* _Exercise_
Please repeat the listing below exactly, but do not include its pictures.

* _Data provided_
____________

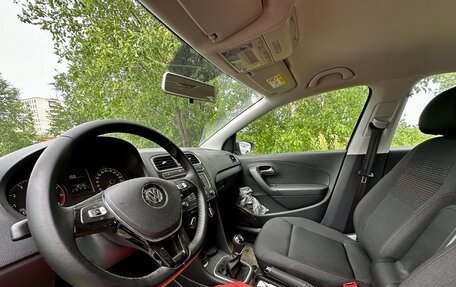 Volkswagen Polo VI (EU Market), 2017 год, 1 580 000 рублей, 12 фотография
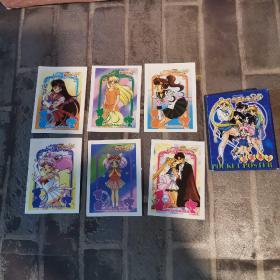 美少女战士盒装吊卡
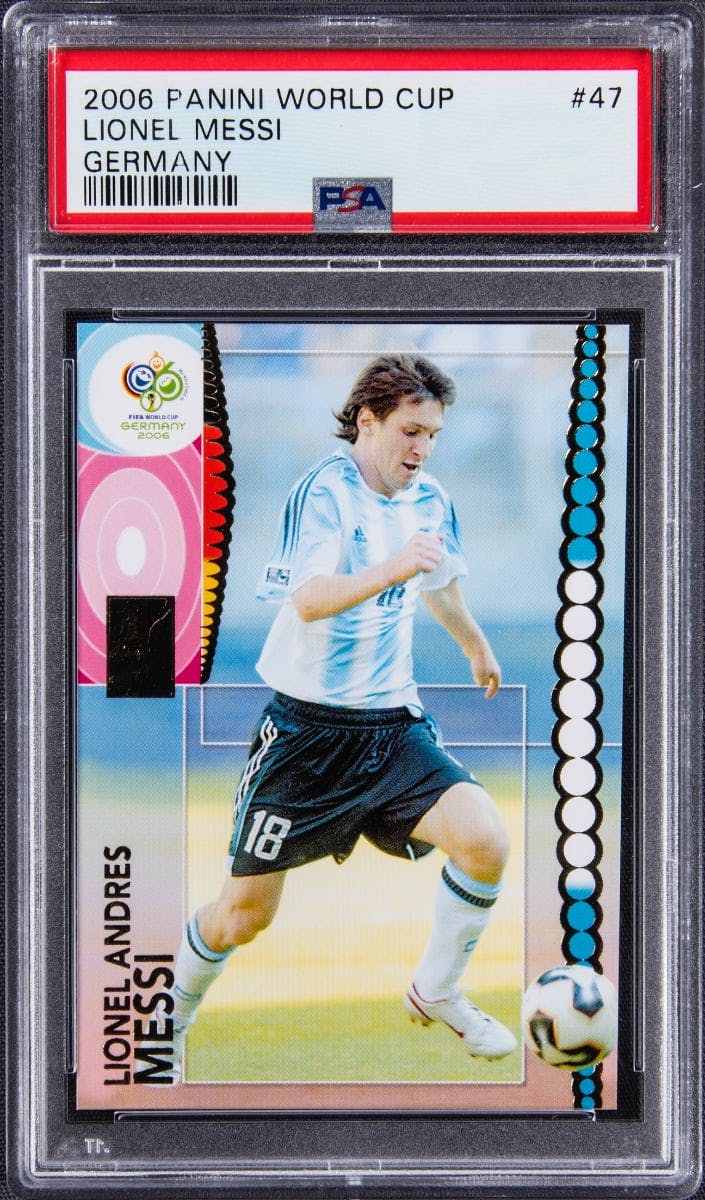 Card Prices | Lionel Messi 2006 Panini World Cup Germany Soccer #47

____________

* _Answer for the task_
 Volkswagen Polo VI (EU Market), 2017 год, 1 580 000 рублей, 12 фотография
 美少女战士盒装吊卡
 Card Prices | Lionel Messi 2006 Panini World Cup Germany Soccer #47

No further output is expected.